Dataset content:
**********
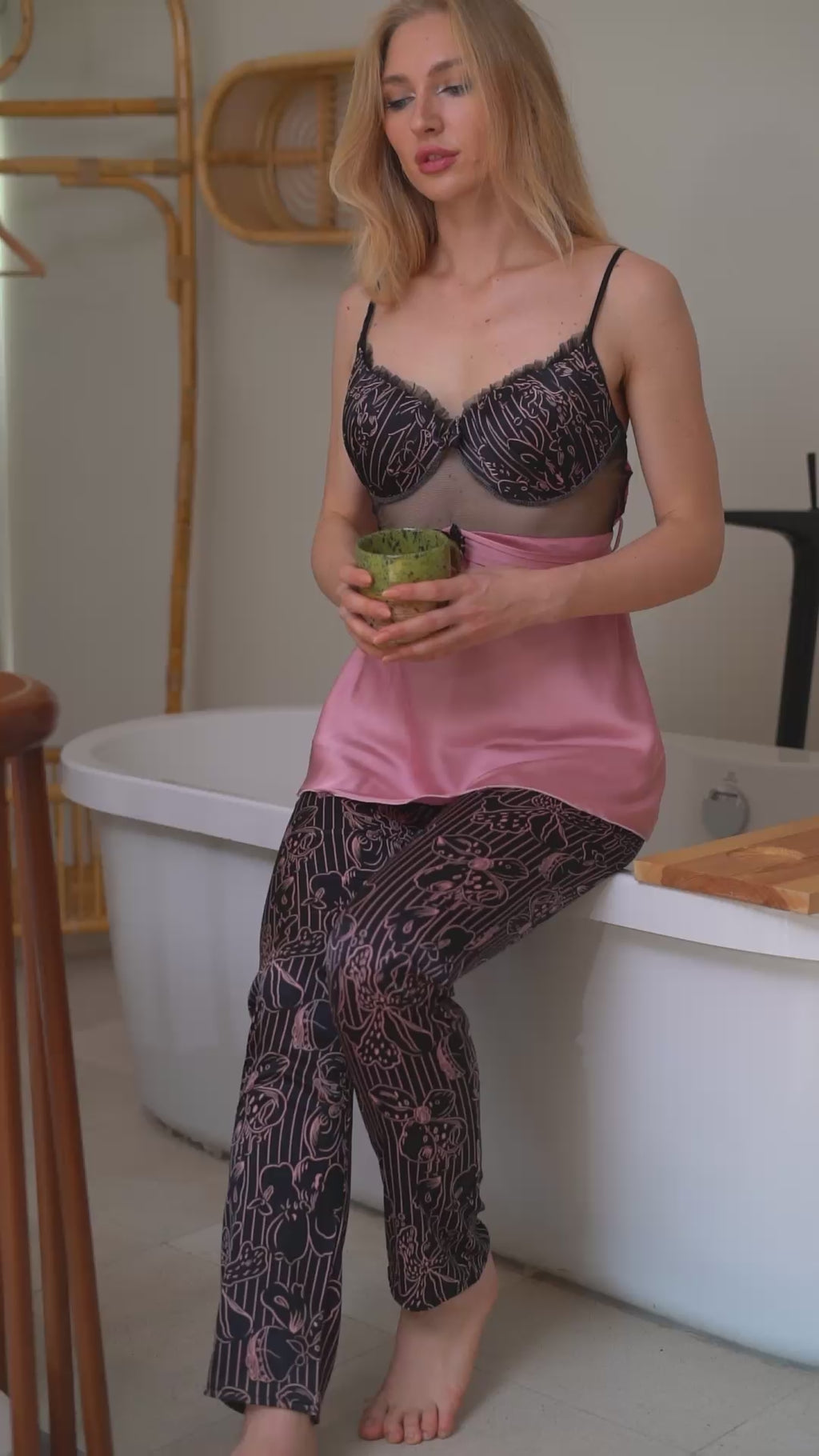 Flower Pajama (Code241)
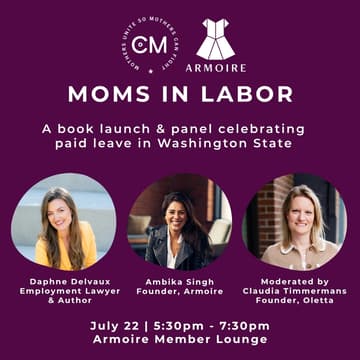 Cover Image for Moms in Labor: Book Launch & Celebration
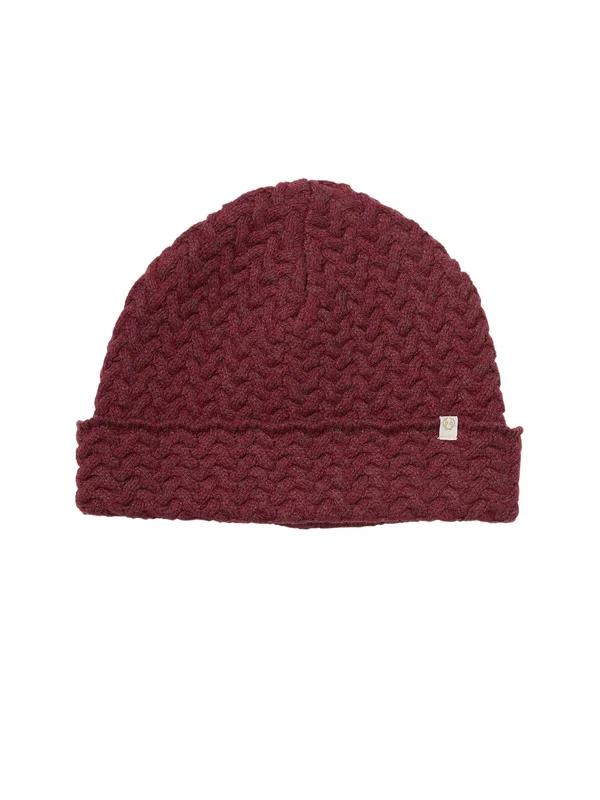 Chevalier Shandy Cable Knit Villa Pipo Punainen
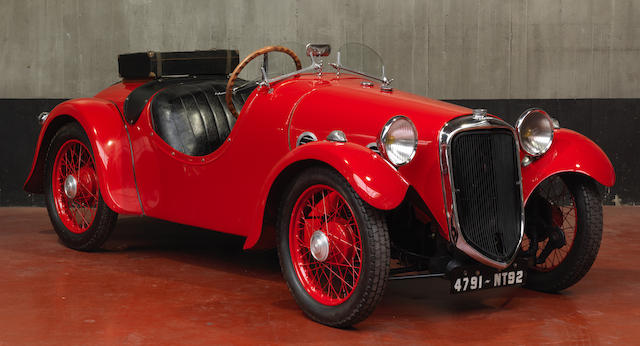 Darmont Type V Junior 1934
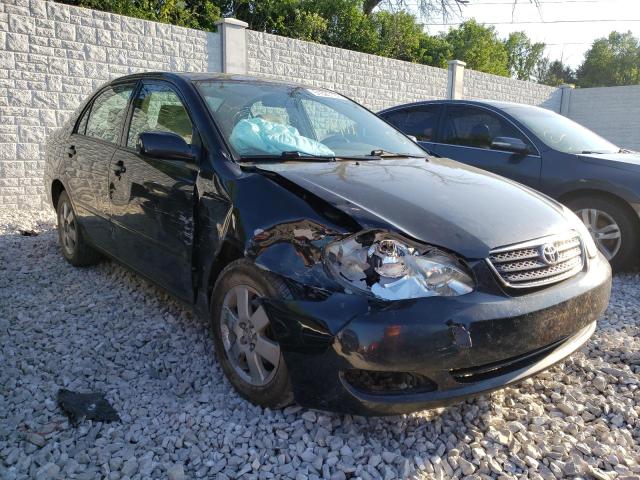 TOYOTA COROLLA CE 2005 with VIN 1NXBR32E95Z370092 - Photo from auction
**********
Problem requirements: Each line above is to be copied verbatim. Drop any image from the copy.

Your solution:
 Flower Pajama (Code241)
 Cover Image for Moms in Labor: Book Launch & Celebration
 Chevalier Shandy Cable Knit Villa Pipo Punainen
 Darmont Type V Junior 1934
 TOYOTA COROLLA CE 2005 with VIN 1NXBR32E95Z370092 - Photo from auction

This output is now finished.